“O pior cego é aquele que não quer ver”. A sabedoria popular poderia acrescentar, analogamente, que o pior surdo é aquele que não quer ouvir; e o pior mudo é aquele que não quer falar. No Brasil praticamente todos têm celular; e quase 200 milhões de brasileiros são capazes de ler. Isso significa que a maioria dos brasileiros tem condições de consultar, no celular, algo como “liberdade de expressão na constituição”, ou “proibição de censura na constituição”, ou “inviolabilidade de deputados e senadores na constituição”. Fica fácil para a maioria comparar o que está escrito na Constituição e decisões do Supremo e constatar que a Constituição, nossa lei maior, não está sendo cumprida em questões essenciais que caracterizam uma democracia.
Além da fiscalização e julgamento do povo, que é o supremo poder numa democracia, a Constituição exige dos deputados e senadores, e do Presidente da República o juramento de cumprir, guardar e defender a Carta Magna, vale dizer, seguir os princípios lá inscritos e, em especial, a Lei Maior atribui ao Supremo, a guarda da Constituição, e ao Ministério Público a defesa da ordem jurídica e do regime democrático. A Constituição também estabelece que as Forças Armadas destinam-se à garantia dos poderes constitucionais. E qualquer jornalista sabe que se espera do jornalismo o alerta, a crítica, a denúncia, sempre que perceber qualquer arranhão na maior das leis, que é a Constituição, base da ordem, das liberdades, das garantias, e barreira contra o arbítrio e o avanço do poder sobre os direitos individuais. Mas parece que há um apagão geral.
Dogmas do Direito, como o devido processo legal, o amplo direito de defesa, o juiz natural, a inexistência de juízo de exceção, já foram atingidos por heresias. E a direção nacional da Ordem dos Advogados do Brasil não viu, não ouviu e não falou. Congressistas são violados na sua imunidade absoluta por opiniões e palavras e o Senado, que poderia resgatar o artigo 53 da Constituição não vê, não ouve, não fala. No julgamento de Dilma, os senadores rasgaram pelo meio o parágrafo único do artigo 52 e eu, que transmitia ao vivo para a TV, vi, ouvi e não falei. Não cesso de me repreender por ter perdido a oportunidade de mostrar naquele dia o que está na Constituição.

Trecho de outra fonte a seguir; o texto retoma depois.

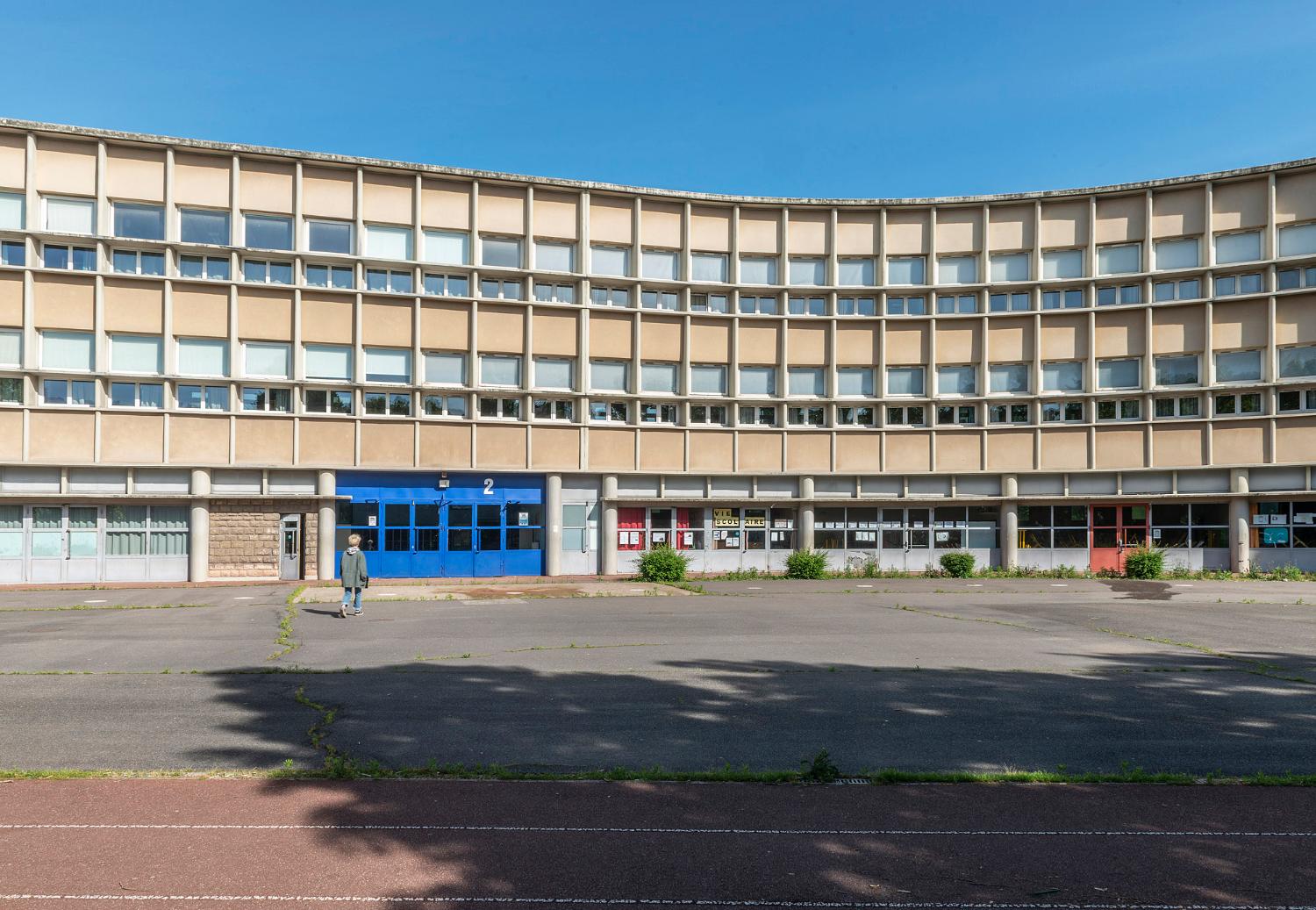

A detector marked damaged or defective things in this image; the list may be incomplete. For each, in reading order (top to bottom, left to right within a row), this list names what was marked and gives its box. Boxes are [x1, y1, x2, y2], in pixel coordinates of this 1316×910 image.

cracked asphalt courtyard [2, 583, 1316, 772]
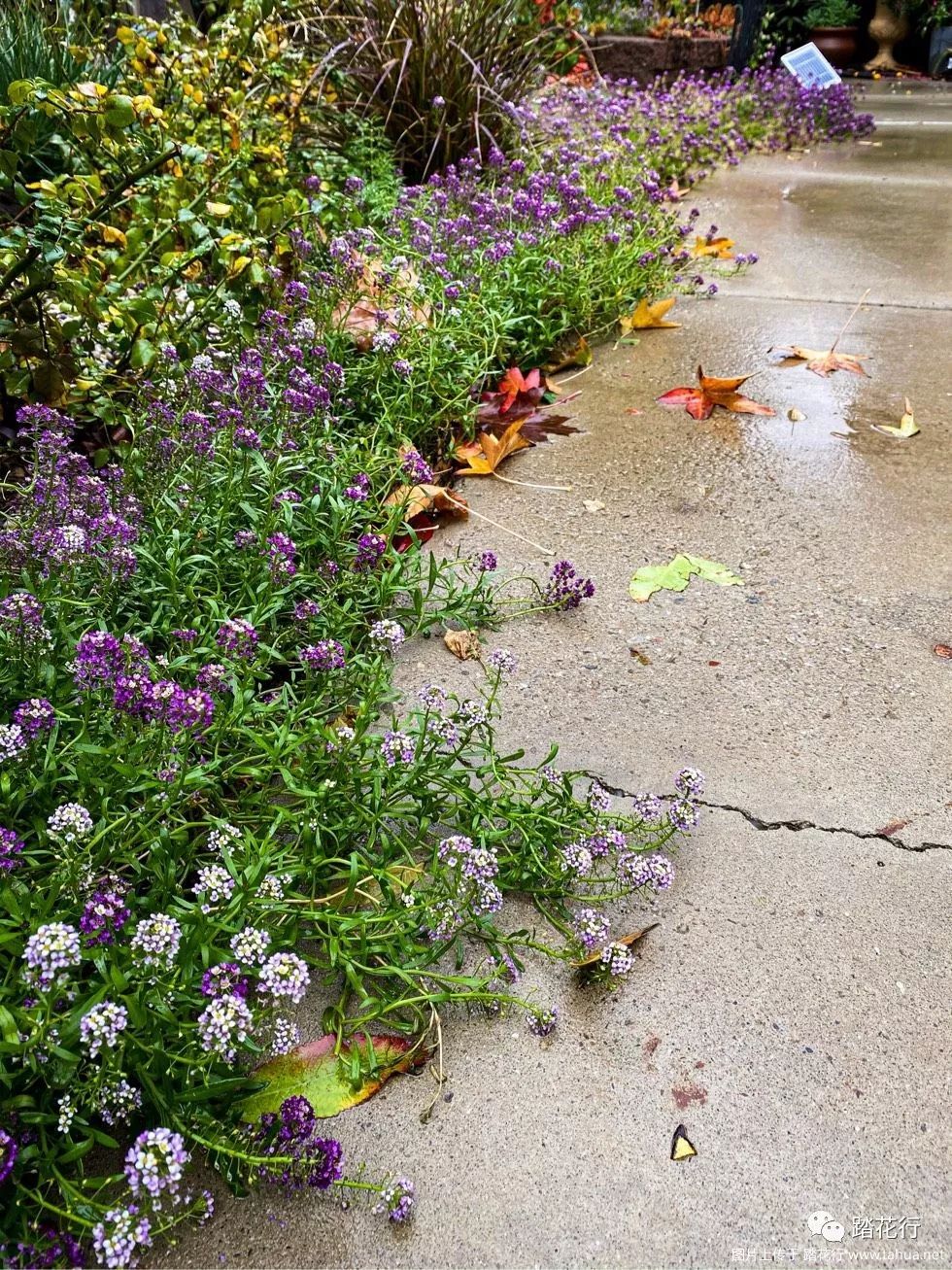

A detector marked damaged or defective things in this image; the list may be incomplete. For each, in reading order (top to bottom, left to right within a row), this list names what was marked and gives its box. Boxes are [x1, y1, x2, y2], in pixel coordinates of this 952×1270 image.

sidewalk crack [587, 773, 952, 851]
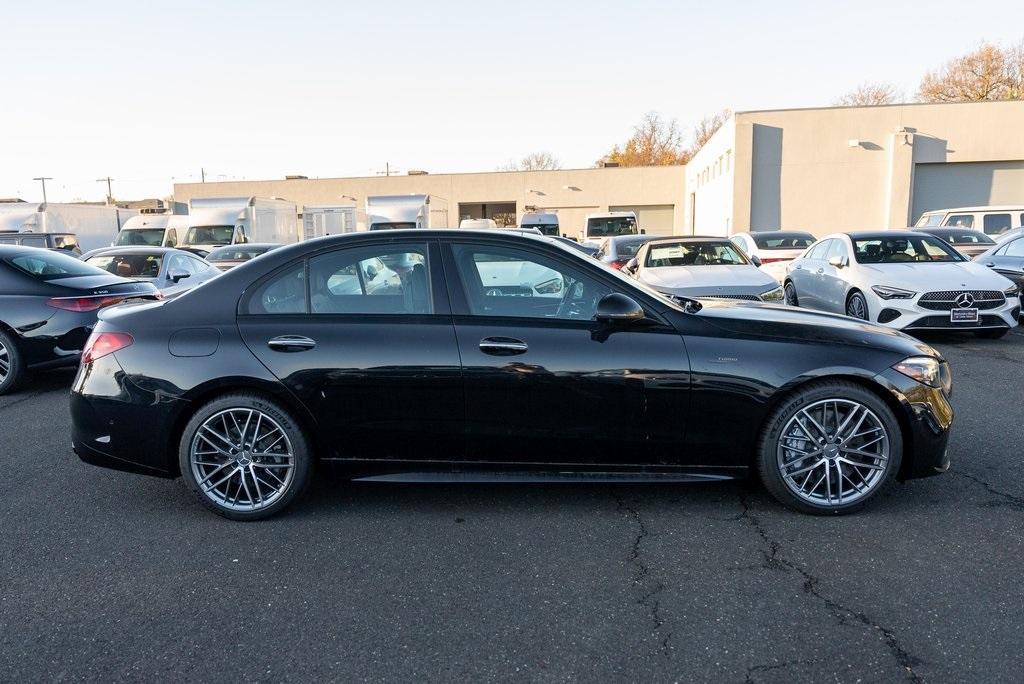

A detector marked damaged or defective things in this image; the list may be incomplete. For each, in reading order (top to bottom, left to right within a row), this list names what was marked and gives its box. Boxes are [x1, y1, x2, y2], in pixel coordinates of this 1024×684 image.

crack in asphalt [950, 471, 1024, 511]
crack in asphalt [610, 493, 675, 659]
crack in asphalt [741, 493, 925, 679]
crack in asphalt [745, 655, 815, 684]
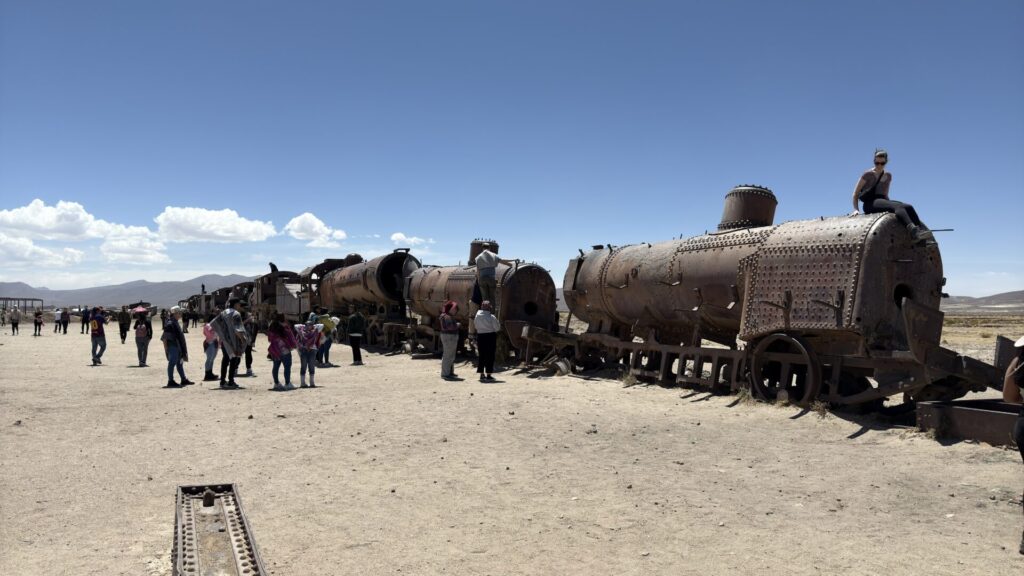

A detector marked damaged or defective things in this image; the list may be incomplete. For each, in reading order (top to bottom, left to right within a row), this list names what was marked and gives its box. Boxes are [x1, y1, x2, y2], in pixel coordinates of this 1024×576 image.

Por que tanta cegueira, surdez e mutismo? O Senado, que poderia resolver isso, em 81 senadores, tem apenas 24 dispostos a votar impeachments. Se votar, esse resultado reforçaria o atual regime de democracia relativa. Além disso a cegueira, a surdez e o mutismo revelam o pouco-caso que os responsáveis nos três poderes conferem à Constituição e às instituições democráticas. Por enquanto o vácuo de liberdade vem sufocando a direita, mais presente nas redes sociais, e suas vozes na política, mas o autoritarismo não vai se saciar a não ser com o total, de totalitário, que pretende tutelar. Os omissos – no jornalismo, nas instituições públicas e privadas – agem como os três macaquinhos: ouvidos tapados, olhos bloqueados, boca fechada. Amanhã quando os macaquinhos decidirem abrir os olhos e os ouvidos, e quiserem falar, o que conseguirão dizer?